• **Brief**:
The listing is to be printed word for word, pictures omitted.

• **Supplied material**:
=== Section Start ===
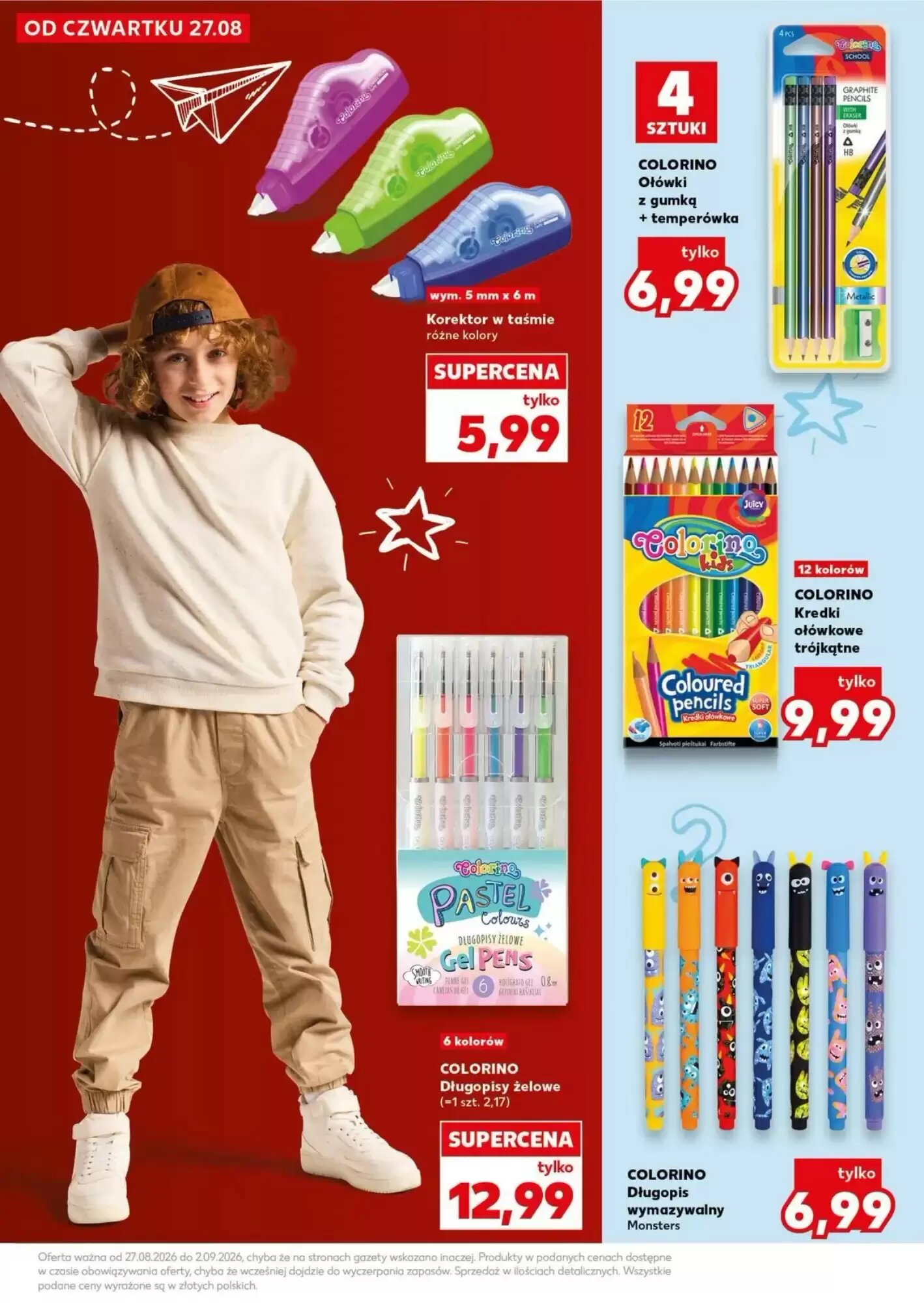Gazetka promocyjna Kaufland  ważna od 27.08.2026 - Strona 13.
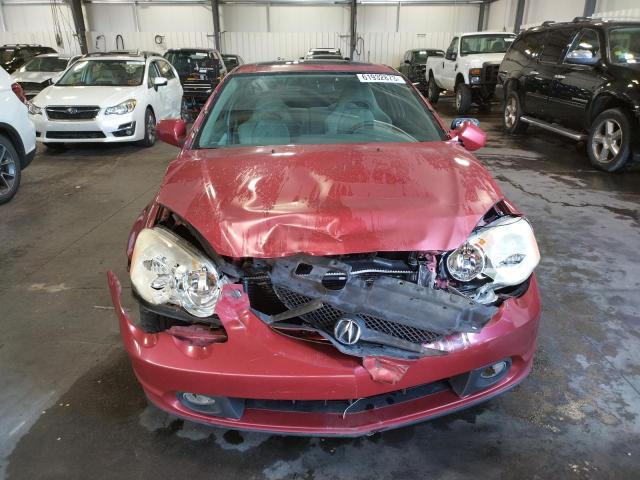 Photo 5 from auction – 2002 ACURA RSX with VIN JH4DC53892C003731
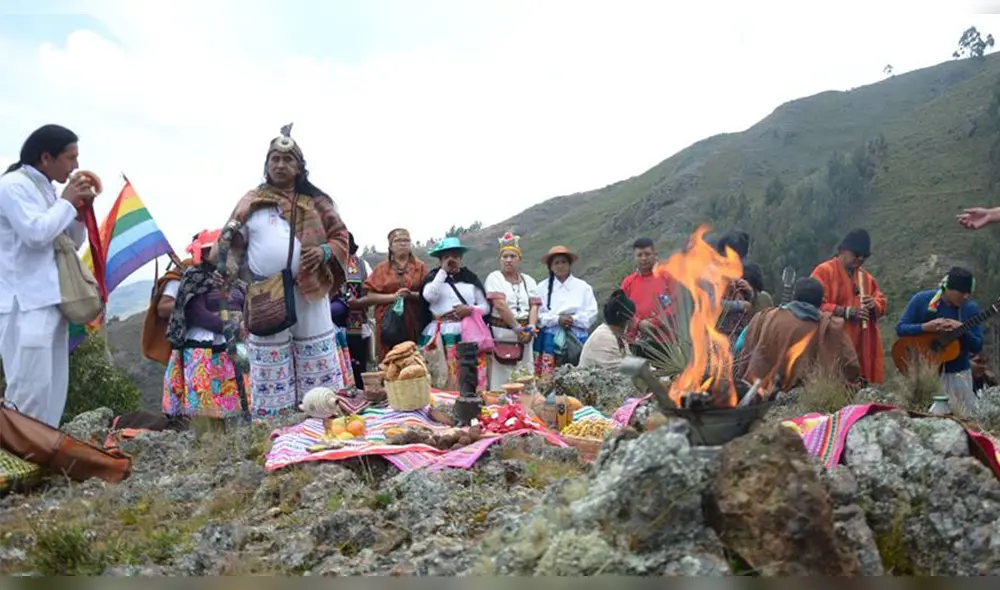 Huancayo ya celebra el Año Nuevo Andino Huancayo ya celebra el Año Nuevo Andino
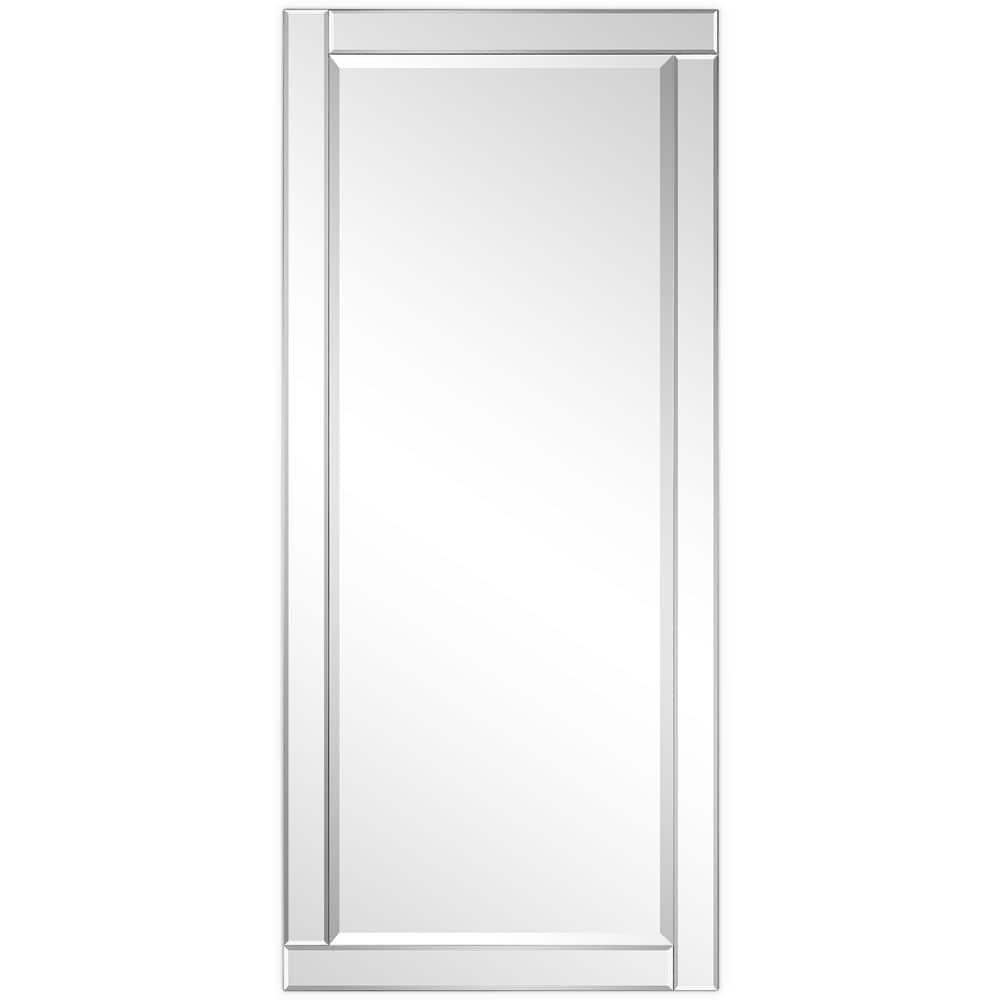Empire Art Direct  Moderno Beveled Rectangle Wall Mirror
=== Section End ===
• **Exercise result**:
Gazetka promocyjna Kaufland  ważna od 27.08.2026 - Strona 13.
 Photo 5 from auction – 2002 ACURA RSX with VIN JH4DC53892C003731
 Huancayo ya celebra el Año Nuevo Andino Huancayo ya celebra el Año Nuevo Andino
Empire Art Direct  Moderno Beveled Rectangle Wall Mirror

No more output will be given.